■ **TASK REQUIREMENTS**
Repeat all of the material exactly, with no line missing.

■ **PROVIDED ENTRIES**
--

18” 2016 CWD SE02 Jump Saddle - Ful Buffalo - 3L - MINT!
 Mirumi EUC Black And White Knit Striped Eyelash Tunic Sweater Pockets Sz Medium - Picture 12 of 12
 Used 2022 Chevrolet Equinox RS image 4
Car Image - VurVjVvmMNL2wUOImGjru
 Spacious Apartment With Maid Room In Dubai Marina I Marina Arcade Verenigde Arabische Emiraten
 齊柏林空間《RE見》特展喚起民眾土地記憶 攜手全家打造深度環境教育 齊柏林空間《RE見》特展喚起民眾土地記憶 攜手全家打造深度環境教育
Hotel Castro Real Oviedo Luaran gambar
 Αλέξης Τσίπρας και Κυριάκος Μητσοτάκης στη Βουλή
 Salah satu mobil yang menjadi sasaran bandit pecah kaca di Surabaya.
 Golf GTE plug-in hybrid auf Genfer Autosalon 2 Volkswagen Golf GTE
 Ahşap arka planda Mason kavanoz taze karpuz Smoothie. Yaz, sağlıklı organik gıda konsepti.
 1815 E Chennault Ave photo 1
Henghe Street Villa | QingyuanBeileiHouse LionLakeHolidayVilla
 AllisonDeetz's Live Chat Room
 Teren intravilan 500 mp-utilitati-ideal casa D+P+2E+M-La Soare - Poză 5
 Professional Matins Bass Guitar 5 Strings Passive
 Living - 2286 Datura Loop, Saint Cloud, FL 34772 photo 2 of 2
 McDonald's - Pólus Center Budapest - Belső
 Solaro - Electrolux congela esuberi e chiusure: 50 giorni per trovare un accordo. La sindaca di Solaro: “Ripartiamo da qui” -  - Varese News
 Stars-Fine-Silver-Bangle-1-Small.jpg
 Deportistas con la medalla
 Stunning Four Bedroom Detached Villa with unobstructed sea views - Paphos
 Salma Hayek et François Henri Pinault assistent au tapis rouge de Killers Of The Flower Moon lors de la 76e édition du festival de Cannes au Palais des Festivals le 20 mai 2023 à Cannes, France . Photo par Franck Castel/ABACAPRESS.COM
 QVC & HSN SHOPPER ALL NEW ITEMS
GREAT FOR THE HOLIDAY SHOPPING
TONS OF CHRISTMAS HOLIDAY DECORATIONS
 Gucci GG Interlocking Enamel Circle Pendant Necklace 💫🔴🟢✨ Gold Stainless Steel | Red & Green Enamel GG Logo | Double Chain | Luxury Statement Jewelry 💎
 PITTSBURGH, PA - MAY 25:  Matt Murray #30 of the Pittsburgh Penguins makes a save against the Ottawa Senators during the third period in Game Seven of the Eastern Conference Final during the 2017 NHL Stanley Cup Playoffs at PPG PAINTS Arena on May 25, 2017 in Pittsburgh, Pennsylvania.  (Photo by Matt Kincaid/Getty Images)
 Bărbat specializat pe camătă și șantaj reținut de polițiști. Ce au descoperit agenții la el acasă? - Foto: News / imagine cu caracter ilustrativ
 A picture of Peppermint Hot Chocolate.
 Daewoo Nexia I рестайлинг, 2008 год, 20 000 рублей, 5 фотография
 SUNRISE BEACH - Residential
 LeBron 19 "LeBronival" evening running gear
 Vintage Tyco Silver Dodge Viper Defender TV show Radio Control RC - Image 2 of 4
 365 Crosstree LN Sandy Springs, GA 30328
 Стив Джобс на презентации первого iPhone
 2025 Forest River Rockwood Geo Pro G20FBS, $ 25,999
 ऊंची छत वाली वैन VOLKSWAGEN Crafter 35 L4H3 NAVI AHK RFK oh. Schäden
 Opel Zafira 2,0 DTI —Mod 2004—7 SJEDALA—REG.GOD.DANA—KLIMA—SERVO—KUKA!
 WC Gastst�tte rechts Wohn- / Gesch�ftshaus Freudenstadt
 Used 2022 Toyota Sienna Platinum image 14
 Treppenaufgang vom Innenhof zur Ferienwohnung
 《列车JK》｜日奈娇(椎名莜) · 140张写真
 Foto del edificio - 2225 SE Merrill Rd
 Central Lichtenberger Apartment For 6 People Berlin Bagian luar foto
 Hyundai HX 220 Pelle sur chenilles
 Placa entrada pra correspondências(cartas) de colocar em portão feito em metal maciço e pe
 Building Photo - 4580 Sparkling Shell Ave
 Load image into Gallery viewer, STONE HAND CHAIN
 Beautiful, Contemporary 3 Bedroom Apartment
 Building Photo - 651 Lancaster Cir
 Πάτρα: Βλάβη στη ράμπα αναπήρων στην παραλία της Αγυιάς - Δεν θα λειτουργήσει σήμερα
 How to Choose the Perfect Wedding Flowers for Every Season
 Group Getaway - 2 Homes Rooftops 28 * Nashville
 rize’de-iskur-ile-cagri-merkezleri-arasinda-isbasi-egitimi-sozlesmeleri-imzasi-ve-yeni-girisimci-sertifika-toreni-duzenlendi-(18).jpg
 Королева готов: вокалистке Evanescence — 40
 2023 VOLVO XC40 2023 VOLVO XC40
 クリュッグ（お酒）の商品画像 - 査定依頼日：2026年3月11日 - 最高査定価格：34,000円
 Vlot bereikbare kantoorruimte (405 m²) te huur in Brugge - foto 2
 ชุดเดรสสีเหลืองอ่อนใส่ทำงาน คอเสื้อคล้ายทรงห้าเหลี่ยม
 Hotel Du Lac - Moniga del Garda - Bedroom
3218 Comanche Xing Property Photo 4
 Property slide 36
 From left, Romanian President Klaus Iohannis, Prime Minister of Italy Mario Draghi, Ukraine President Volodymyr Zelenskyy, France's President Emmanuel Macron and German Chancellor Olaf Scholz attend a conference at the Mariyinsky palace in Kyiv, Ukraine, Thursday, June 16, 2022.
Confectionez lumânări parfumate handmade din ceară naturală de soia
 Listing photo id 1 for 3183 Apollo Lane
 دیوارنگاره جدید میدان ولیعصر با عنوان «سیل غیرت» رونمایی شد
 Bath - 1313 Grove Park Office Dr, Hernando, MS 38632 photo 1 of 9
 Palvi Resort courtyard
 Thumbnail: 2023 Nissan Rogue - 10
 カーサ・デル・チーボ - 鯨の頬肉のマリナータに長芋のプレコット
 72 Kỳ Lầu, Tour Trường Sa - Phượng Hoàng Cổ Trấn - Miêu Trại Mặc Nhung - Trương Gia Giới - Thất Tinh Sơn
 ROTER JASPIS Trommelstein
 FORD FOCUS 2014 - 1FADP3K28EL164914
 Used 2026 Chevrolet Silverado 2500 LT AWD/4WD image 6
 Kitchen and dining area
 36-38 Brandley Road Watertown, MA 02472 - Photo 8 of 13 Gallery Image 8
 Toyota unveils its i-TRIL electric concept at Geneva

--

■ **RESPONSE**
18” 2016 CWD SE02 Jump Saddle - Ful Buffalo - 3L - MINT!
 Mirumi EUC Black And White Knit Striped Eyelash Tunic Sweater Pockets Sz Medium - Picture 12 of 12
 Used 2022 Chevrolet Equinox RS image 4
Car Image - VurVjVvmMNL2wUOImGjru
 Spacious Apartment With Maid Room In Dubai Marina I Marina Arcade Verenigde Arabische Emiraten
 齊柏林空間《RE見》特展喚起民眾土地記憶 攜手全家打造深度環境教育 齊柏林空間《RE見》特展喚起民眾土地記憶 攜手全家打造深度環境教育
Hotel Castro Real Oviedo Luaran gambar
 Αλέξης Τσίπρας και Κυριάκος Μητσοτάκης στη Βουλή
 Salah satu mobil yang menjadi sasaran bandit pecah kaca di Surabaya.
 Golf GTE plug-in hybrid auf Genfer Autosalon 2 Volkswagen Golf GTE
 Ahşap arka planda Mason kavanoz taze karpuz Smoothie. Yaz, sağlıklı organik gıda konsepti.
 1815 E Chennault Ave photo 1
Henghe Street Villa | QingyuanBeileiHouse LionLakeHolidayVilla
 AllisonDeetz's Live Chat Room
 Teren intravilan 500 mp-utilitati-ideal casa D+P+2E+M-La Soare - Poză 5
 Professional Matins Bass Guitar 5 Strings Passive
 Living - 2286 Datura Loop, Saint Cloud, FL 34772 photo 2 of 2
 McDonald's - Pólus Center Budapest - Belső
 Solaro - Electrolux congela esuberi e chiusure: 50 giorni per trovare un accordo. La sindaca di Solaro: “Ripartiamo da qui” -  - Varese News
 Stars-Fine-Silver-Bangle-1-Small.jpg
 Deportistas con la medalla
 Stunning Four Bedroom Detached Villa with unobstructed sea views - Paphos
 Salma Hayek et François Henri Pinault assistent au tapis rouge de Killers Of The Flower Moon lors de la 76e édition du festival de Cannes au Palais des Festivals le 20 mai 2023 à Cannes, France . Photo par Franck Castel/ABACAPRESS.COM
 QVC & HSN SHOPPER ALL NEW ITEMS
GREAT FOR THE HOLIDAY SHOPPING
TONS OF CHRISTMAS HOLIDAY DECORATIONS
 Gucci GG Interlocking Enamel Circle Pendant Necklace 💫🔴🟢✨ Gold Stainless Steel | Red & Green Enamel GG Logo | Double Chain | Luxury Statement Jewelry 💎
 PITTSBURGH, PA - MAY 25:  Matt Murray #30 of the Pittsburgh Penguins makes a save against the Ottawa Senators during the third period in Game Seven of the Eastern Conference Final during the 2017 NHL Stanley Cup Playoffs at PPG PAINTS Arena on May 25, 2017 in Pittsburgh, Pennsylvania.  (Photo by Matt Kincaid/Getty Images)
 Bărbat specializat pe camătă și șantaj reținut de polițiști. Ce au descoperit agenții la el acasă? - Foto: News / imagine cu caracter ilustrativ
 A picture of Peppermint Hot Chocolate.
 Daewoo Nexia I рестайлинг, 2008 год, 20 000 рублей, 5 фотография
 SUNRISE BEACH - Residential
 LeBron 19 "LeBronival" evening running gear
 Vintage Tyco Silver Dodge Viper Defender TV show Radio Control RC - Image 2 of 4
 365 Crosstree LN Sandy Springs, GA 30328
 Стив Джобс на презентации первого iPhone
 2025 Forest River Rockwood Geo Pro G20FBS, $ 25,999
 ऊंची छत वाली वैन VOLKSWAGEN Crafter 35 L4H3 NAVI AHK RFK oh. Schäden
 Opel Zafira 2,0 DTI —Mod 2004—7 SJEDALA—REG.GOD.DANA—KLIMA—SERVO—KUKA!
 WC Gastst�tte rechts Wohn- / Gesch�ftshaus Freudenstadt
 Used 2022 Toyota Sienna Platinum image 14
 Treppenaufgang vom Innenhof zur Ferienwohnung
 《列车JK》｜日奈娇(椎名莜) · 140张写真
 Foto del edificio - 2225 SE Merrill Rd
 Central Lichtenberger Apartment For 6 People Berlin Bagian luar foto
 Hyundai HX 220 Pelle sur chenilles
 Placa entrada pra correspondências(cartas) de colocar em portão feito em metal maciço e pe
 Building Photo - 4580 Sparkling Shell Ave
 Load image into Gallery viewer, STONE HAND CHAIN
 Beautiful, Contemporary 3 Bedroom Apartment
 Building Photo - 651 Lancaster Cir
 Πάτρα: Βλάβη στη ράμπα αναπήρων στην παραλία της Αγυιάς - Δεν θα λειτουργήσει σήμερα
 How to Choose the Perfect Wedding Flowers for Every Season
 Group Getaway - 2 Homes Rooftops 28 * Nashville
 rize’de-iskur-ile-cagri-merkezleri-arasinda-isbasi-egitimi-sozlesmeleri-imzasi-ve-yeni-girisimci-sertifika-toreni-duzenlendi-(18).jpg
 Королева готов: вокалистке Evanescence — 40
 2023 VOLVO XC40 2023 VOLVO XC40
 クリュッグ（お酒）の商品画像 - 査定依頼日：2026年3月11日 - 最高査定価格：34,000円
 Vlot bereikbare kantoorruimte (405 m²) te huur in Brugge - foto 2
 ชุดเดรสสีเหลืองอ่อนใส่ทำงาน คอเสื้อคล้ายทรงห้าเหลี่ยม
 Hotel Du Lac - Moniga del Garda - Bedroom
3218 Comanche Xing Property Photo 4
 Property slide 36
 From left, Romanian President Klaus Iohannis, Prime Minister of Italy Mario Draghi, Ukraine President Volodymyr Zelenskyy, France's President Emmanuel Macron and German Chancellor Olaf Scholz attend a conference at the Mariyinsky palace in Kyiv, Ukraine, Thursday, June 16, 2022.
Confectionez lumânări parfumate handmade din ceară naturală de soia
 Listing photo id 1 for 3183 Apollo Lane
 دیوارنگاره جدید میدان ولیعصر با عنوان «سیل غیرت» رونمایی شد
 Bath - 1313 Grove Park Office Dr, Hernando, MS 38632 photo 1 of 9
 Palvi Resort courtyard
 Thumbnail: 2023 Nissan Rogue - 10
 カーサ・デル・チーボ - 鯨の頬肉のマリナータに長芋のプレコット
 72 Kỳ Lầu, Tour Trường Sa - Phượng Hoàng Cổ Trấn - Miêu Trại Mặc Nhung - Trương Gia Giới - Thất Tinh Sơn
 ROTER JASPIS Trommelstein
 FORD FOCUS 2014 - 1FADP3K28EL164914
 Used 2026 Chevrolet Silverado 2500 LT AWD/4WD image 6
 Kitchen and dining area
 36-38 Brandley Road Watertown, MA 02472 - Photo 8 of 13 Gallery Image 8
 Toyota unveils its i-TRIL electric concept at Geneva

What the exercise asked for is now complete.